Your task is to copy the lines of the data below from the line holding "Tuta te gjata" through the line holding "Kadabra from SCARLET & VIOLET-151 2023", inclusive, exactly and with nothing added.

RECORDS SHOWN section start

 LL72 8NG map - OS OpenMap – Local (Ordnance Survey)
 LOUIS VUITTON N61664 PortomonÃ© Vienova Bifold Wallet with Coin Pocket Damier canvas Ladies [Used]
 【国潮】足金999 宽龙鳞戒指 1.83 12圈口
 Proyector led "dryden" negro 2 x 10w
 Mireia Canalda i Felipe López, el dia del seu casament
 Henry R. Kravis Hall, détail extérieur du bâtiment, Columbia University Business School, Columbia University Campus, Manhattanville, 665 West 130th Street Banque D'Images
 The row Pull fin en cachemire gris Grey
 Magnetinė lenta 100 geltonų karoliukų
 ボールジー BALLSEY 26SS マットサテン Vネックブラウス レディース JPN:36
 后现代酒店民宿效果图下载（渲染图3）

RECORDS SHOWN section end
RECORDS SHOWN section start

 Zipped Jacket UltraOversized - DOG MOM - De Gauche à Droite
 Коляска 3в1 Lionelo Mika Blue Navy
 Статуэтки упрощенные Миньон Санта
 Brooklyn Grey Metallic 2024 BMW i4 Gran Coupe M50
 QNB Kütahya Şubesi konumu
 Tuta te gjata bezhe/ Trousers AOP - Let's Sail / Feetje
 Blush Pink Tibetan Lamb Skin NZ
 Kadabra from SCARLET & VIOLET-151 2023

RECORDS SHOWN section end
RECORDS SHOWN section start

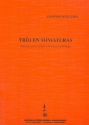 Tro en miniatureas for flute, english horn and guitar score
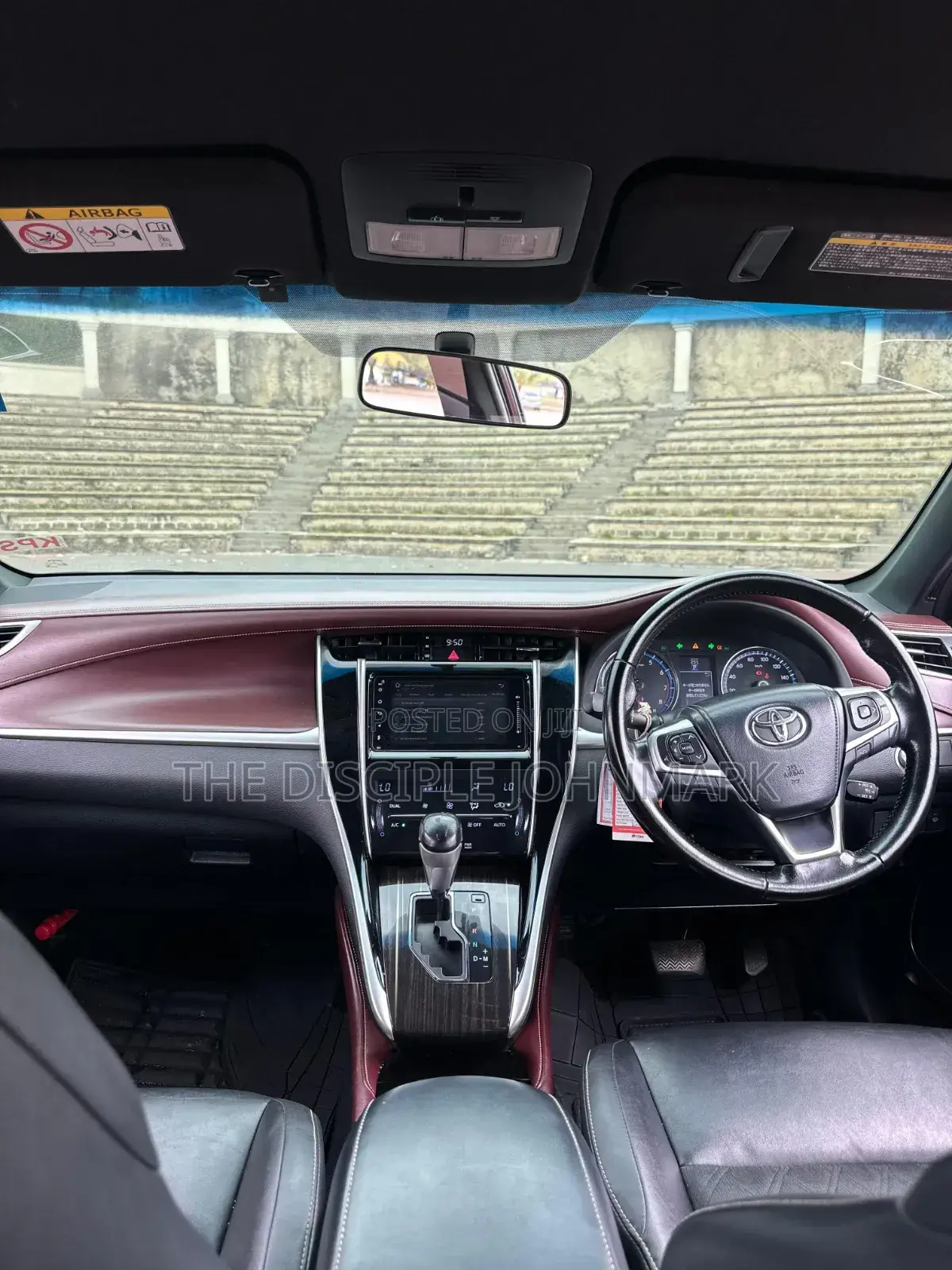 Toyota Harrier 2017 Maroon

RECORDS SHOWN section end

• **RESULT OF THIS EXERCISE**
 Tuta te gjata bezhe/ Trousers AOP - Let's Sail / Feetje
 Blush Pink Tibetan Lamb Skin NZ
 Kadabra from SCARLET & VIOLET-151 2023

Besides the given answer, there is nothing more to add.